Rillsoft Project is project management software, developed and sold by Rillsoft GmbH. That runs under the Windows operating systems.

Features

Project management 

Creating/presenting the project schedule from different angles, either by using a Gantt chart, a network diagram or a bar-network diagram. Calculation of critical path and contingency reserve highlights any bottlenecks the project may have.

Multi-project management 

Multi-project management allows to summarize multiple projects by theme, department or other criteria in portfolio, to edit parallel and to detect resource conflicts better. Cross-project links make different projects dependent on each other, but without automatic date adjustment by changes in foreign plans. Capacity planning is taking into account the resources already assigned to other projects.

Capacity planning 

Capacity planning provides a detailed overview of the coverage of personnel requirements with existing labour capacity taking into account the necessary skills, nonworking time and scheduling in other parallel running projects. It is important that a capacity alignment of actual employee assignment occurs.

Resource planning 
Comprising functions for personnel, machinery and materials management allow you to plan the use and utilization of your resources and enable to control them in the course of the project.

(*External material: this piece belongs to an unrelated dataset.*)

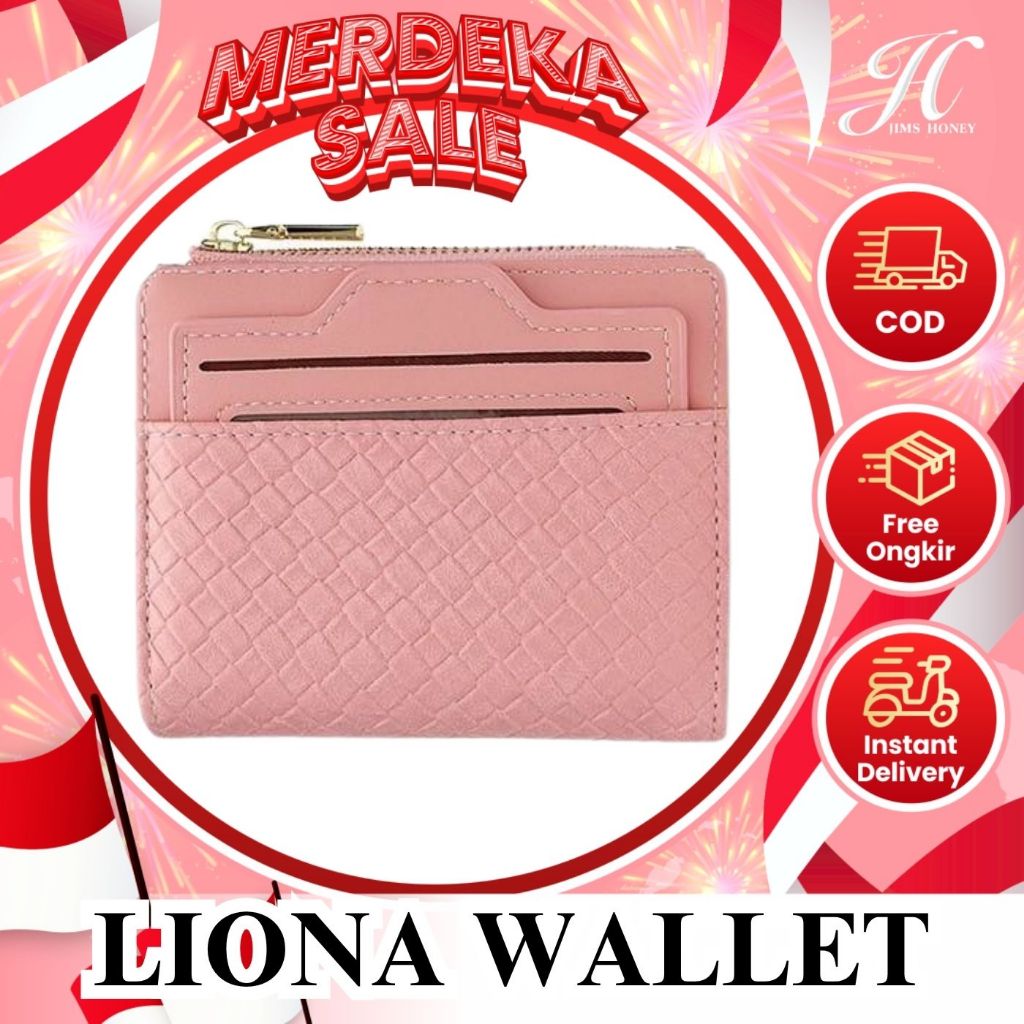 JIMS HONEY LIONA WALLET Dompet Kecil Lipat Wanita Cewek Fashion Jimshoney Casual Terbaru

Personnel placement planning 

Personnel placement planning enables a flexible and demand-optimized assignment of personnel resources for the individual work steps. An employee utilization view ensures that all overloads and shortages can be detected in time.

Project controlling 

Project controlling is represented by feedback, execution status of tasks, financial control and variance analysis. In addition, email notification feature helps to keep the important due dates in mind.

Language support 

Rillsoft Project is available in English, German and Russian.

Editions 

Rillsoft Project is available in four editions, Freeware, Education, Light, Standard, Professional and Enterprise; all editions are available either as 32 or 64bit options:

The Professional and Enterprise edition can be connected to Rillsoft Integration Server.

History 

The first commercial version of Rillsoft Project was released in 2002.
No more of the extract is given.